US prosecutor steps down after resisting Donald Trump's decision to fire him
His office had been investigating President Donald Trump's personal lawyer
A stand-off over the independence of one of the country's most important prosecutor's offices ended on Saturday when Geoffrey Berman agreed to step down as U.S. Attorney for the Southern District of New York, the office that had been investigating President Donald Trump's personal lawyer, Rudolph Giuliani.
Berman's confirmation of his departure came after Attorney General William Barr told him he had been fired by Trump at Barr's request, and that Berman's hand-picked No. 2, Deputy U.S. Attorney Audrey Strauss, would become Acting U.S. Attorney until a permanent replacement is installed.
Under Strauss' leadership, Berman said the office could continue its "tradition of integrity and independence".
Berman's office, which is known for prosecuting the most high profile terrorism cases, Wall Street financial crimes and government corruption, has not shied from taking on figures in Trump's orbit.
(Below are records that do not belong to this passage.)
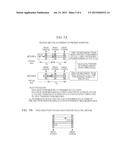 Method for Reading File Using Plurality of Tape Media diagram and image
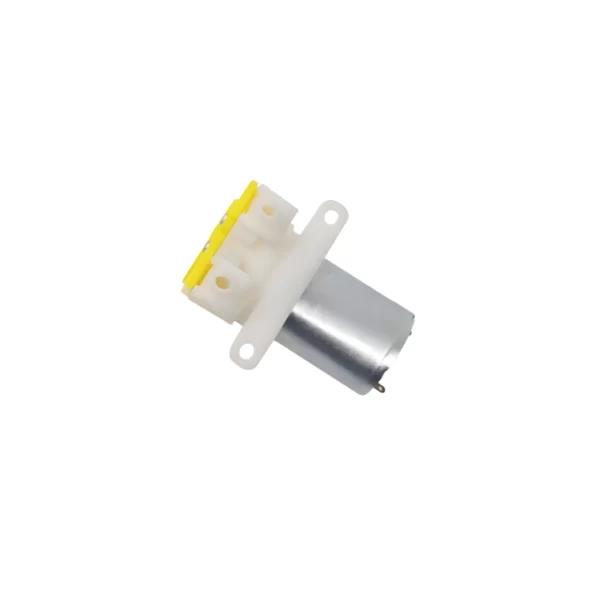 Peristaltic Pump PP370 12V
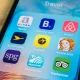 Tripadvisor: Viator Keeps The Investment Case Alive (NASDAQ:TRIP)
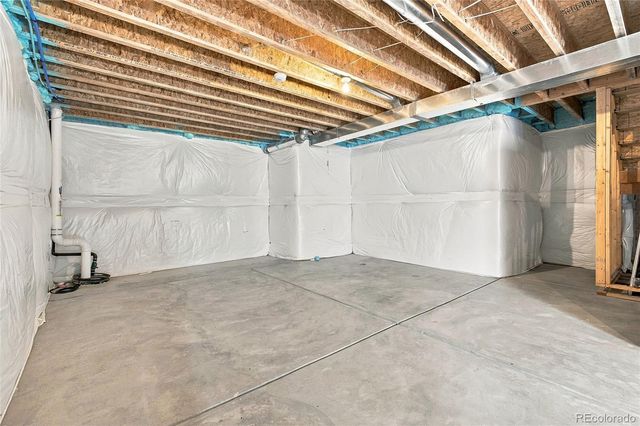 1653 Trefoil Circle, Brighton, CO 80601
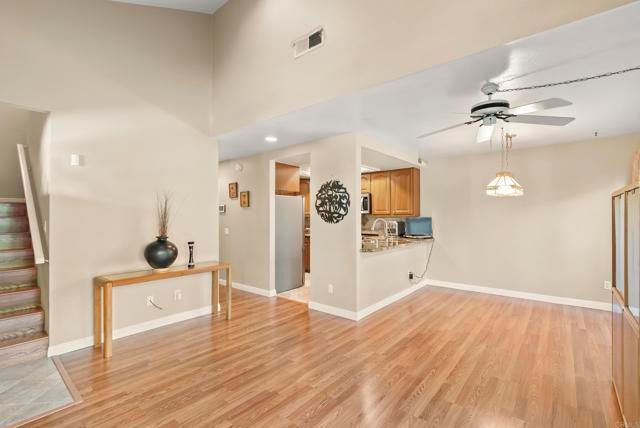 5440 Baltimore Dr. 137, La Mesa, CA 91942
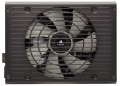 CORSAIR HX1200 1200W 80+ PLATINUM F.MODULAR ATX - 1176566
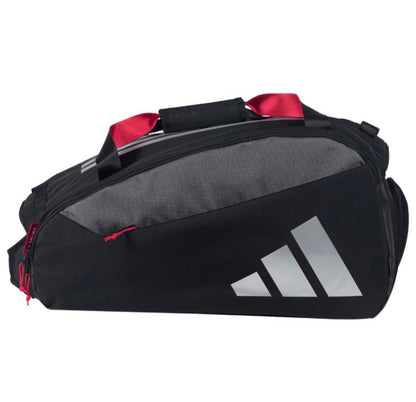 Sac Adidas Multigame 3.4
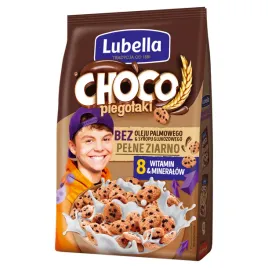 lubella-mlekolaki-choco-piegolaki-o-smaku-czekoladowym-250-g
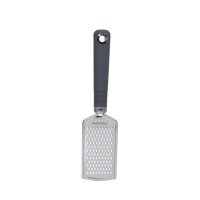 Fresh Choice Hand-Reibe 25,3x5,9x2,2 cm Edelstahl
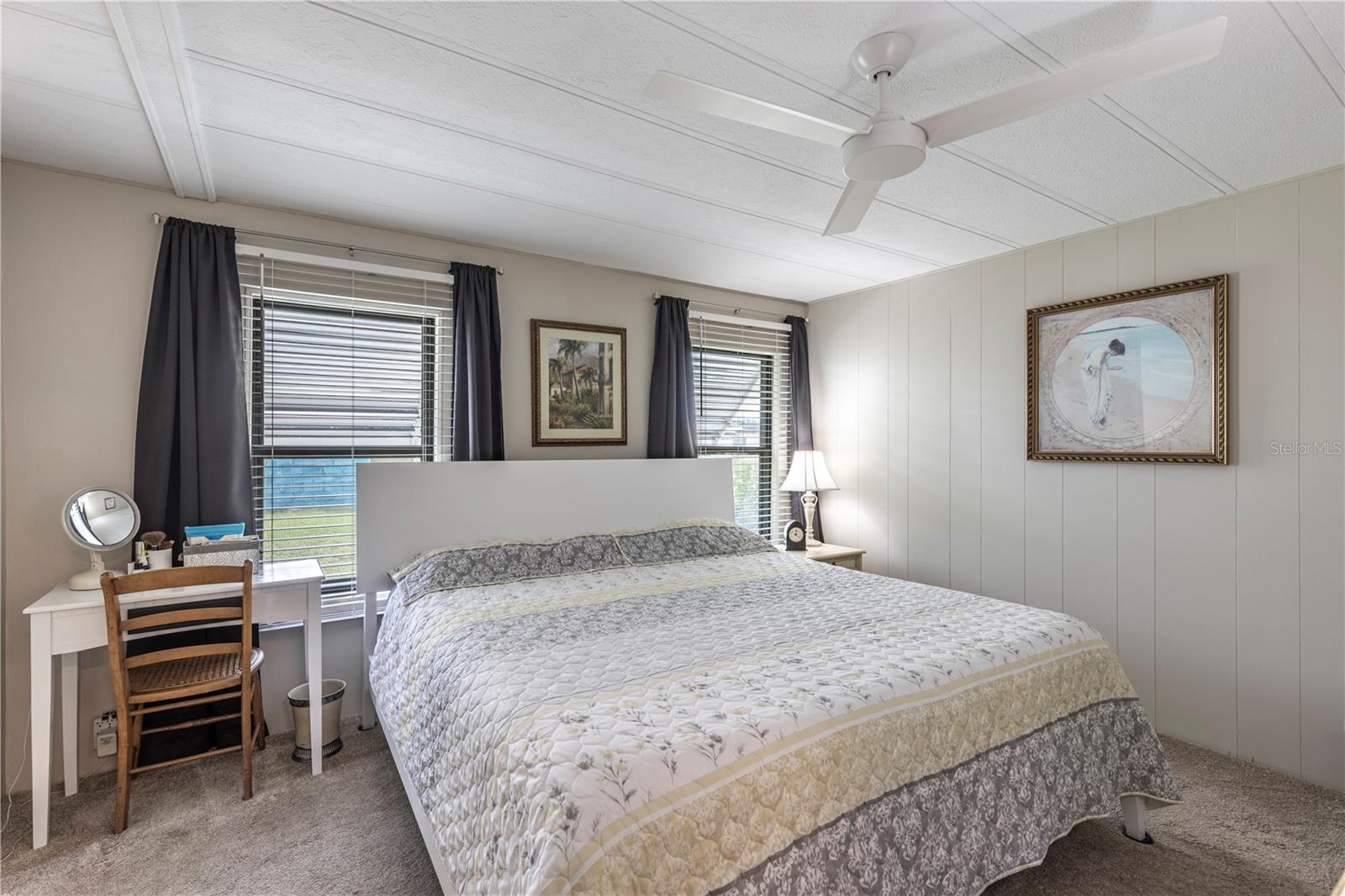 TAVARES LAKE FRANCES ESTATES - Residential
It oversaw the prosecution of Michael Cohen, Trump's former personal lawyer, indicted two Giuliani associates and launched a probe into Giuliani in connection with his efforts to dig up dirt on Trump's political adversaries in Ukraine.
Giuliani has not formally been accused of any wrongdoing.
The standoff with Berman follows the latest in a series of moves by Barr that critics say are meant to benefit Trump politically and undermine the independence of the Justice Department.
In recent weeks Trump has fired a series of agency watchdogs, including one who played a key role in Trump's impeachment earlier this year.
The row with Berman began late Friday, when Barr unexpectedly announced that Berman was stepping down and would be replaced by U.S. Securities and Exchange Commission Chairman Jay Clayton.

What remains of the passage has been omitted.